[DATA EXTRACT Boundary: Start]
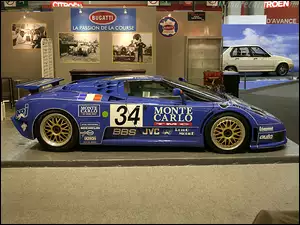 Rajdowy, Bugatti EB 110, Samochód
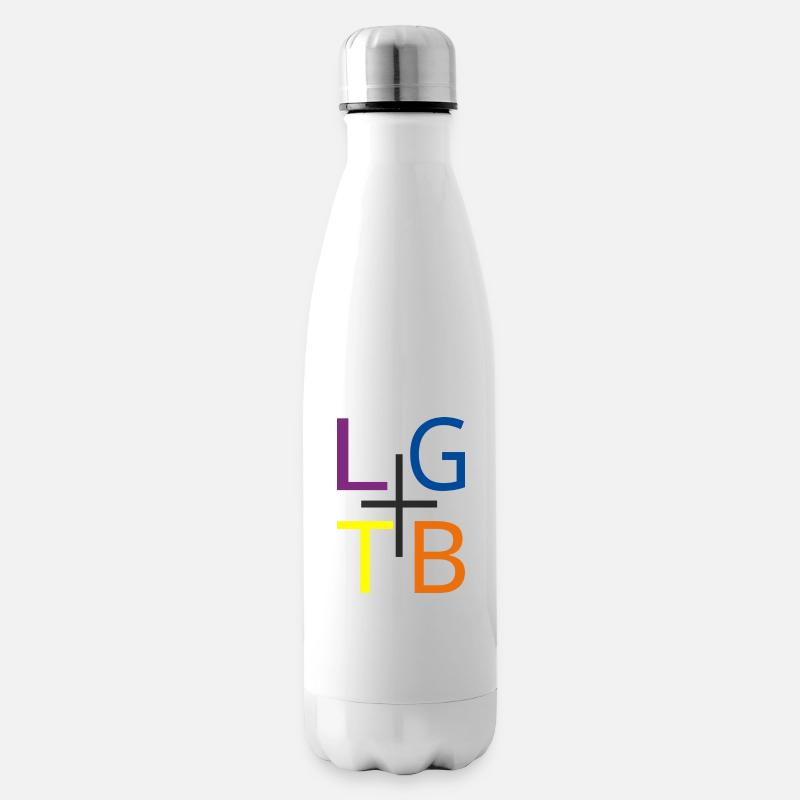 LGBT + - Bouteille isotherme - blanc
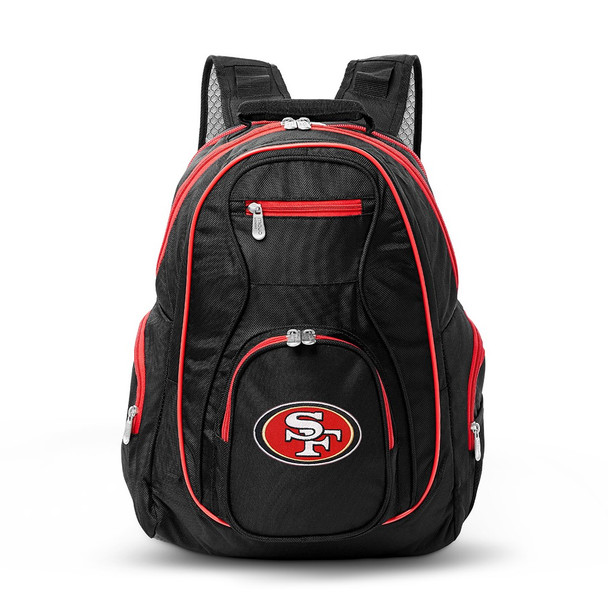 San Francisco 49ers 19" Premium Laptop Backpack with Colored Trim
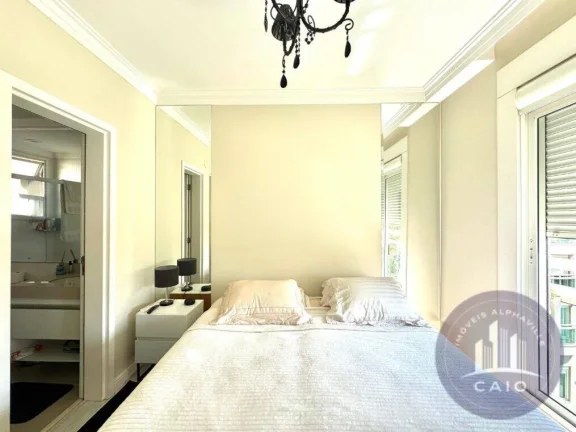 Imagem Apartamento 122m², 2 dormitórios aluguel por R$ 11.000/mês- Alphaville/SP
[DATA EXTRACT Boundary: End]
After removing the pictures, transcribe the listing above exactly.

 Rajdowy, Bugatti EB 110, Samochód
 LGBT + - Bouteille isotherme - blanc
 San Francisco 49ers 19" Premium Laptop Backpack with Colored Trim
 Imagem Apartamento 122m², 2 dormitórios aluguel por R$ 11.000/mês- Alphaville/SP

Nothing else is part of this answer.